Though retailers are optimistic about the future of the store’s relevance in the overall shopping landscape, they readily acknowledge the headwinds contributing to a challenging environment. Not only are consumers still price conscious, 54 percent of the 182 surveyed retailers said, but 49 percent protested that “online competitors innovate too quickly for us to keep up.”

Is that a thinly veiled reference to Amazon? Probably.
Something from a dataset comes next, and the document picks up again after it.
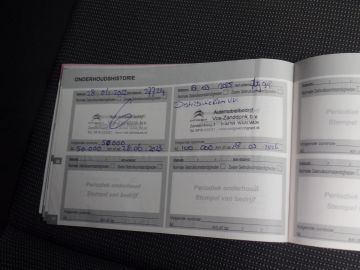 Citroën C3 1.2 PureTech S&S Feel Edition Navigatie, Clima controle, Cruise c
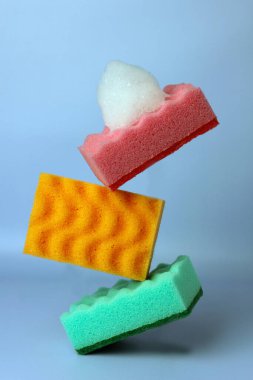 Sünger ve köpük yıkıyorum. Yaratıcı kavramı dengelemek. Temizlik servisi. Boşluğu kopyala.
They might be slow to execute, but retailers understand that stores need to take more of a cue from e-commerce. Asked about the most important opportunities to improve brick and mortar, 60 percent of all surveyed retailers told RSR that physical stores need to mirror what consumers most appreciate about shopping online. Another 52 percent see the store’s potential to more fully embrace a role in fulfillment and offer customer-centric options like same-day service and direct delivery. A significant portion want to further entice valuable omnichannel click-and-collect customers, with 43 percent interested in incentivizing these shoppers to interact with more of the store environment and merchandise when they stop in to pick up an order.

RSR’s findings confirm the road retailers should take if they want to ensure a fruitful future. Whereas previous research found e-commerce companies admitting they need a real-world footprint, this store report uncovered the polar opposite: that brick-and-mortar merchants need to bring more of a digital influence into their four walls.

“This is a tremendous learning moment as shopping melds into one large, converged experience,” RSR wrote. “[Retailers] realize the best thing they can do is evaluate the more desirable aspects of each touchpoint and carry them through to an engaging—and consistent—shopping experience in both the physical and digital worlds.”